Work task = Pictures are to be left out, and only the lines below starting at the one with "Pompano Beach Florida" and ending at the one with "Gucci Navy Yellow" are to be reproduced, each exactly, both ends included.

Information given =
..........

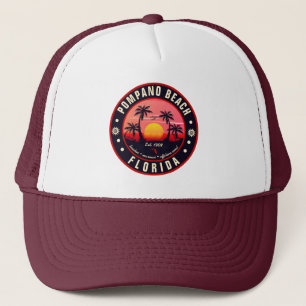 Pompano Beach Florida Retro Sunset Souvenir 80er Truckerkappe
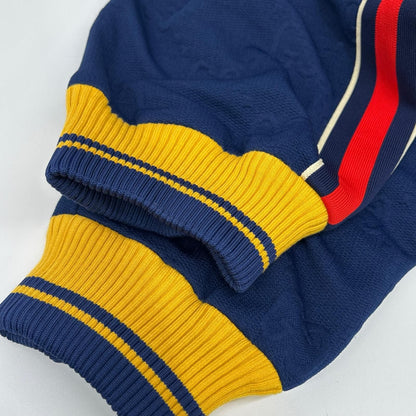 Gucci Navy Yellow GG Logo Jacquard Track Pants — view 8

..........

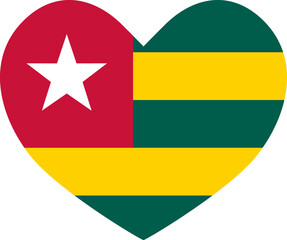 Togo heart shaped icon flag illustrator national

..........

Finished task =
 Pompano Beach Florida Retro Sunset Souvenir 80er Truckerkappe
 Gucci Navy Yellow GG Logo Jacquard Track Pants — view 8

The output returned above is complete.